Тогда ведьма наклонилась к нему, протянула к нему руки, и Гришино лицо оказалось в ее ладонях, и она приподняла его на себя.
- Только смотри, не орать, - пригрозила она, - ты меня понял? - И Гриша кивнул в знак безысходного согласия.
Получив подтверждение о соблюдении спокойствия, ведьма развязала и смотала бинт, отодрала пластырь от губ председателя.
- Ух, - сказал тот тяжеловесно и незамысловато.
- Что значит "ух", а, толстячок? - игриво расхохоталась Екатерина.
- Я Гриша, - мужественно проговорил кооператорщик.
- Да, Гриша, Гриша, - улыбаясь, подтвердила Екатерина, - ты понимаешь, в какую ты историю вляпался?
- Понимаю.
- Ни хрена ты еще не понимаешь, дорогой мой, - сказала Екатерина и юзом придвинув пенек поближе к Грише, уселась на него. - Есть и в самом деле не хочешь?
- Нет, а ты ведьма?
- А что, разве не похожа?
- Вы меня убьете?
- Дубина, ты еще очень нужен.
- Отпусти меня, ведьма.
- Ну да, ты умотаешь, а Сергею куда возвращаться?
- А что там за бездна, пустота?
- Где?
- Ну там, где я сидел.
- А-а, ты вот о чем, это, дорогой мой, переход в Астрал.
- На тот свет?
- М-м-м-да... - призадумалась Екатерина, - в какой-то мере ты прав.
Некоторое время они сидели молча.
- Ну ты что, Гриша, в штаны нагадил, что ли? Говорить хотел...
Но Гриша не отзывался, он почему-то закрыл глаза и продолжал сидеть молча.
Вначале Екатерина не обратила никакого внимания на ту блажь председателя, она спокойно сходила на кухню и приготовила две чашечки чая с лимоном, и вскоре она снова оказалась возле Гриши и села на пенек, а чашечки с чаем поставила на третий, свободный пенек.
- Долго ты еще будешь с закрытыми глазами сидеть, кукушонок? Языком поработать надо, а то совсем разучишься говорить. - Теперь Гришино молчание и закрытые глаза стали уже не удивлять, а настораживать ведьму. Ну ты смотри, обнаглел, - оживилась Екатерина. - Забастовку устраиваешь? громко проговорила ведьма у самого Гришиного уха. - Может, еще голодовку объявишь?
Но Гриша продолжал упорно молчать.
И тут в следующее мгновение случилось совершенно неожиданное: Гришино дыхание остановилось, Екатерина сразу же это заметила.

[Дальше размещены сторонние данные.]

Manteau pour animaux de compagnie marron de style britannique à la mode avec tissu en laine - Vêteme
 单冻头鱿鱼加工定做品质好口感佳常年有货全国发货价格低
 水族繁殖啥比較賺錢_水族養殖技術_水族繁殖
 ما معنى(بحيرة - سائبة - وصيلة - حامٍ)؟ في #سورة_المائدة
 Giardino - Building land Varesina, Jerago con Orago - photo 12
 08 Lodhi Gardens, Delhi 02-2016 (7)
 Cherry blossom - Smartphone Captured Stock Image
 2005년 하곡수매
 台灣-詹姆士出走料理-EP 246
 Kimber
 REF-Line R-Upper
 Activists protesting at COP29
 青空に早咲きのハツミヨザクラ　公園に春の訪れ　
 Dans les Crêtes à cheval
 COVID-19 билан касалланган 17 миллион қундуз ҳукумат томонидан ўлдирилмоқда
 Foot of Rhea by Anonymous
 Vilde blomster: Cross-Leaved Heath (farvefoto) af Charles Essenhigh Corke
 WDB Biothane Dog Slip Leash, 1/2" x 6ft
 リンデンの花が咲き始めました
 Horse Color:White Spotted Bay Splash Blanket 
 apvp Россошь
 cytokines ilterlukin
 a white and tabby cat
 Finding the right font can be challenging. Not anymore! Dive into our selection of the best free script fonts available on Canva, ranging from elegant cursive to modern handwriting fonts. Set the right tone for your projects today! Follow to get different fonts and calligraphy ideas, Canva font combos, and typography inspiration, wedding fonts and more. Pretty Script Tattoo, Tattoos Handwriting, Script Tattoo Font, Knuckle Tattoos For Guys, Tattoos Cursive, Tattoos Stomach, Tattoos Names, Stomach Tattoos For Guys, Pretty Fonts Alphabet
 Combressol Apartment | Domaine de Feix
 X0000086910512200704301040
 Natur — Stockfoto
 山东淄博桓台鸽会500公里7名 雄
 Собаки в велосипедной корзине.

- Э, да ты шутишь, толстячок? Бесполезно, сам задохнуться не сможешь. Ну хорошо, проверим, сколько ты без воздуха сможешь просидеть, - и она азартно стала поглядывать на наручные часы. Но прошло две, три минуты, а Гриша не дышал. И тут Екатерина догадалась, она мгновенно все поняла. Не медля ни секунды она быстро улеглась на пол и экстериаризировалась в низший Астрал, приблизилась к Гришиной пуповине и втиснулась в его тело, быстренько навела там прядок и стала дышать за Гришу, а председателя в теле не оказалось.
Увидев из Астрала ситуацию, ожидающую меня на Земле, я опрометью ринулся в Гришино тело.
- Ну наконец-то, - сказал Екатерина, потеснившись в теле председателя, освободив место для меня, - Гриша бежал, - сказал она.
- Я знаю, - ответил я, - ему удалось умереть, я не подумал об этом, как возможном, не заблокировал выход.
- Ну и что теперь будем делать? Если тело оставить опустошенным, оно погибнет, начнет разлагаться. Мало того что мы вмешались в инкарнационную судьбу этого типа, так его начнут разыскивать и здесь же, на физическом плане. Он женат? У него есть дети?
- Да, двое детей.
- Придется мне отсиживаться в этом теле, на то время, пока ты будешь устраивать свои астральные дела, так я сама себя и трахать начну, чувственно хохотнула Екатерина и замолчала... - А если серьезно, что будем делать? - снова заговорила она.
- Мне нужно подумать.
- Прямо сейчас? - озаботилась Екатерина.
- Да, - сказал я и покинул Гришино тело.
- Только ты недолго, - донесся до меня чувственный шлейф ведьмы, а я уносился в Астрал.
ЛЮДОЧКА
Когда я вышел в Астрал, мне вспомнилось: при встрече с Людочкой на ней была тюремная одежда...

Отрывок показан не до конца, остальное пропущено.